How Cascading Risks from Technology, Geopolitics, and Ecology Accumulate and How to Mitigate Them | Trond Undheim
How Cascading Risks from Technology, Geopolitics, and Ecology Accumulate and How to Mitigate Them | Trond Undheim
Tuesday, April 4, 20231:00 PM - 2:00 PM (Pacific)
William J. Perry Conference Room
Seminar Recording
About the Event: Systemic risks derive from a mix of economic, technological, socio political, and ecological factors. Inherently interdisciplinary, the study of systemic risk draws on financial shock models, operations research, global health, foresight, management, military strategy, risk assessment, risk sociology, disaster research, security studies, science and technology studies, existential risk research, as well as the AI risk and biorisk communities. Pulling together core insights from those fields, the talk presents the argument that even mid-range (meso level) risks may become systemic, and so might contribute to catastrophic or even existential outcomes, depending on the order and magnitude of the interaction effects between them. However, the study of systemic risk requires developing transdisciplinary tools that can better integrate the insights drawn from these disparate fields despite high uncertainty. Nevertheless, apart from a tiny literature on risk assessment of rare events (black/grey swans), and embryonic efforts at the the United Nations Office for Disaster Risk Reduction (UNDRR) at a high level of abstraction, there is still no overarching framework specifically formulated for systemic risks beyond economics.
This talk seeks to promote the integrated study of systemic risk by offering a snapshot of five risk scenarios for 2075 (in video format), a custom-created board game, a transdisciplinary approach, conceptual clarifications, risk factor identification heuristics, and early results from an ongoing survey. The talk includes a novel attempt to structure and visualize systemic risk factors. It also sketches a notation that enables a simple way to annotate relationships between systemic risks and the cascading effects and relationships between them.

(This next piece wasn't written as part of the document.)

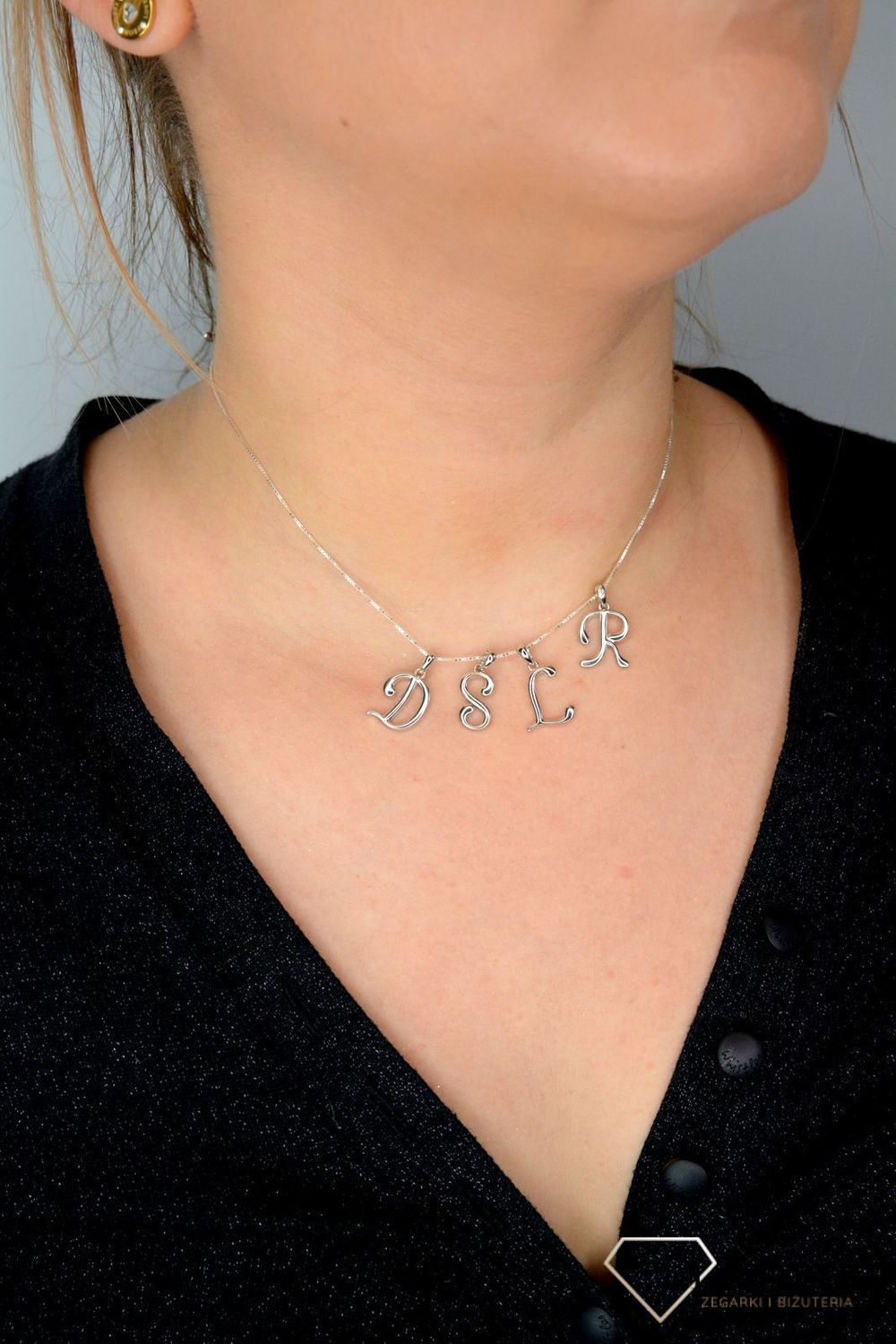 Srebrna zawieszka Literka D SVLP0364XH2000D. Jedyna w swoim rodzaju srebrna zawieszka w kształcie literki D.jpg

Lastly, the case is made that we need a dual notation (scientific and lay) for any scenario models used in scientific results meant to also be consumed by the public.
About the Speaker: Dr. Trond Arne Undheim (see his Stanford profile), Ph.D is a Research Scholar in Global Systemic Risk, Innovation, and Policy at the Stanford Existential Risk Initiative (SERI) at the Center for International Security and Cooperation (CISAC) at Stanford. He leads a research project on Global Systemic Risk Scenarios for 2075, addressing the fact that humanity faces a myriad of existential risks of technological, sociopolitical, and ecological origin. The project involves developing a set of audiovisual scenarios, quantitative online surveys, technology reviews (generative AI, immersive AR/VR, quantum tech, synthetic biology platforms), and regional case studies (Nigeria, Mexico, USA, Scandinavia, India). He is also developing a framework to analyze cascading risks, assembling a set of risk factors and associated mitigation strategies, which is intended as a resource towards transdisciplinary collaboration. At Stanford, he teaches STS 156 The Future Of Global Systemic Risk (EARTHSYS 156, SOC 128) and is working on a 2024 course (STS X) tentatively called From Regenerative Entrepreneurship to Giga Projects. His next book, Eco Tech: Investing in Regenerative Futures comes out in the fall and will be on pre-order starting Aug 2, 2023 from Routledge.
Trond Arne Undheim is a futurist, scholar, podcaster, and venture partner and an expert on the evolution of technology and society. He is a Research Scholar in Global Systemic Risk, Innovation, and Policy at the Stanford Existential Risk Initiative (SERI) at the Center for International Security and Cooperation (CISAC), Stanford University. He is also a venture partner at Antler, and a co-founder of technology foresight consulting firm Yegii. Formerly with Tulip Interfaces, Hitachi Ventures, MIT, WPP, Oracle, and the EU, he’s a co-author (with Natan Linder) of Augmented Lean (Wiley 2022), and is the author of Health Tech (Routledge 2021), Future Tech (Kogan Page 2021), Pandemic Aftermath (Atmosphere Press 2020), Disruption Games (Atmosphere Press 2020), and Leadership From Below (Lulu Press 2008). In addition, he hosts the Futurized podcast, and is a Forbes columnist. Trond's work has featured in a variety of business, industrial, and mainstream media, including in The Boston Globe, NPR's Cognoscenti, Fast Company, Forbes, Fortune, IndustryWeek, and MIT News. He holds a Ph.D. on the future of work and artificial intelligence.
All CISAC events are scheduled using the Pacific Time Zone.